Caption-style text data:
═══

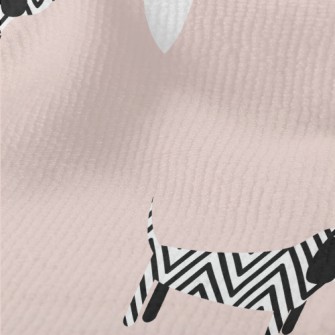 Dog Shape Pattern Terry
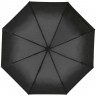 Зонт складной Hoopy с ручкой-карабином, черный - 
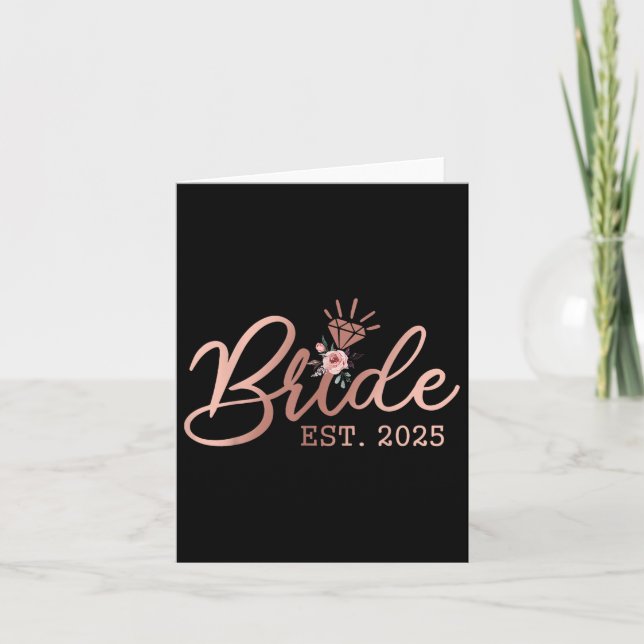 Bride 2025 Bachelorette Party Wedding Married Brid Card (Front)
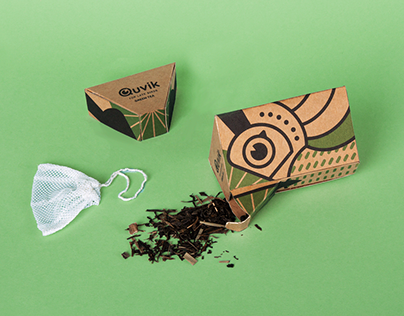 Quvik - tea packaging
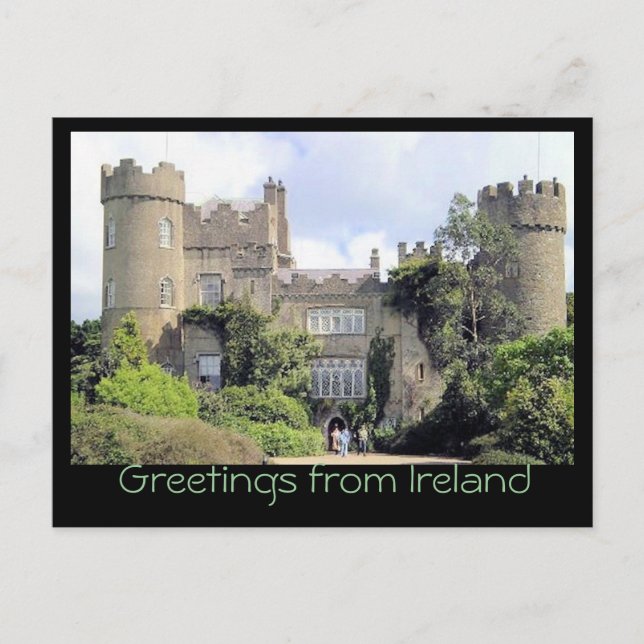 Salutations de la carte postale irlandaise (Devant)
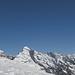 Tschingelhorn (3562m) und Breithorn (3780m). Rechts Aletschhorn (4193m).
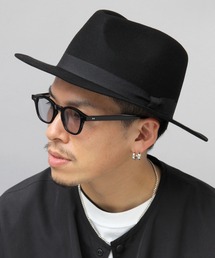 Ruben | Ruben / ルーベン / フラット ワイドブリム フェルトハット / ウール つば広 中折れハット / ロングブリム(ハット)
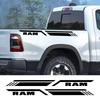 Pickup Bed Side Sticker For Dodge RAM 1500 2500 3500 Rebel TRX Car Stripes Style Decor Decal Truck Vinyl Cover Auto Accessories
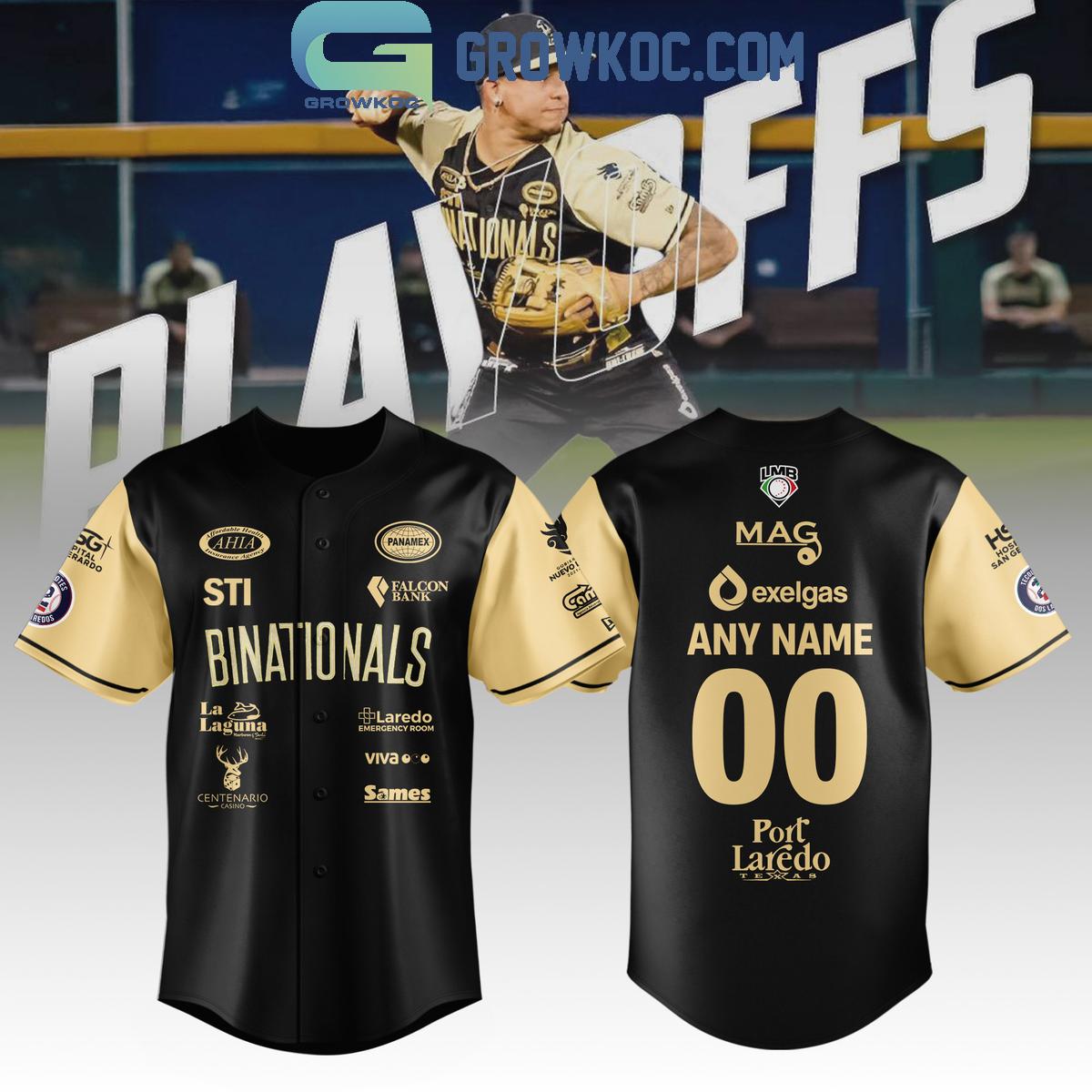 Tecolotes De Los Dos Laredos 2024 Home Personalized Baseball Jersey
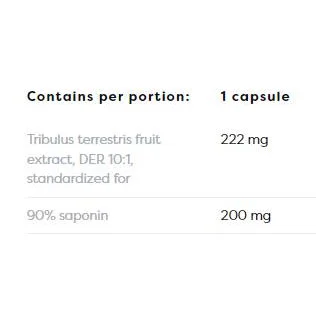 Tribulus Terrestris 90% | 200 mg Saponins / 120 капсули, 120 дози - Osavi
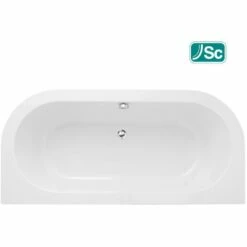 Iona Decadence Supercast Back To Wall 1700x800mm Bath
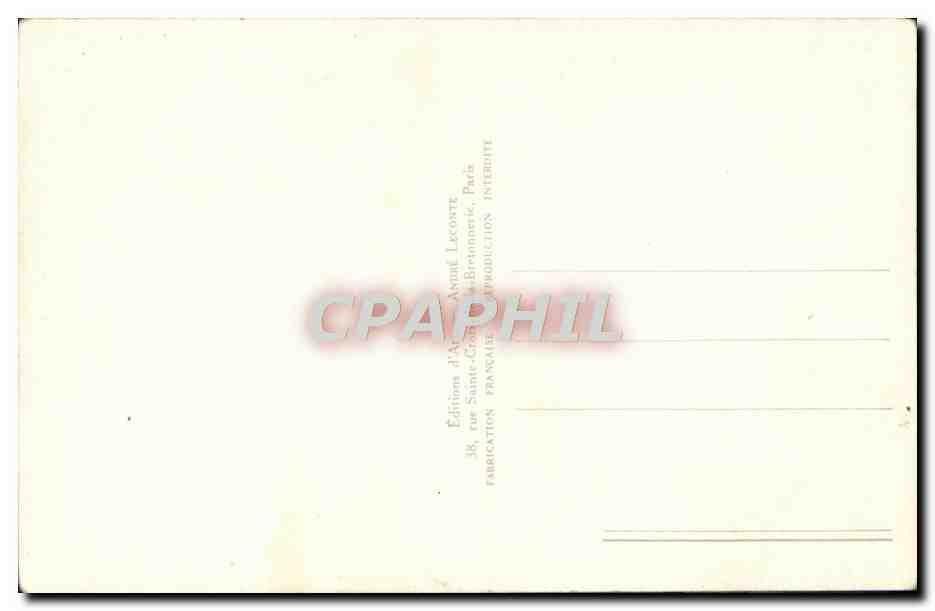 CPA Militaria Armee Francaise Parachutistes — Rückseite
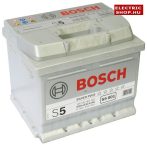   Bosch S5 12V 52Ah Jobb+ akkumulátor (0 092 S50 010) (45Ah méret)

═══

▶ **Work to complete**: Nothing but the lines from the start of the records above through the line with "Iona Decadence Supercast" should be retyped, each exactly as written; leave out all pictures.

▶ **Exercise output**:
 Dog Shape Pattern Terry
 Зонт складной Hoopy с ручкой-карабином, черный - 
 Bride 2025 Bachelorette Party Wedding Married Brid Card (Front)
 Quvik - tea packaging
 Salutations de la carte postale irlandaise (Devant)
 Tschingelhorn (3562m) und Breithorn (3780m). Rechts Aletschhorn (4193m).
 Ruben | Ruben / ルーベン / フラット ワイドブリム フェルトハット / ウール つば広 中折れハット / ロングブリム(ハット)
 Pickup Bed Side Sticker For Dodge RAM 1500 2500 3500 Rebel TRX Car Stripes Style Decor Decal Truck Vinyl Cover Auto Accessories
 Tecolotes De Los Dos Laredos 2024 Home Personalized Baseball Jersey
 Tribulus Terrestris 90% | 200 mg Saponins / 120 капсули, 120 дози - Osavi
 Iona Decadence Supercast Back To Wall 1700x800mm Bath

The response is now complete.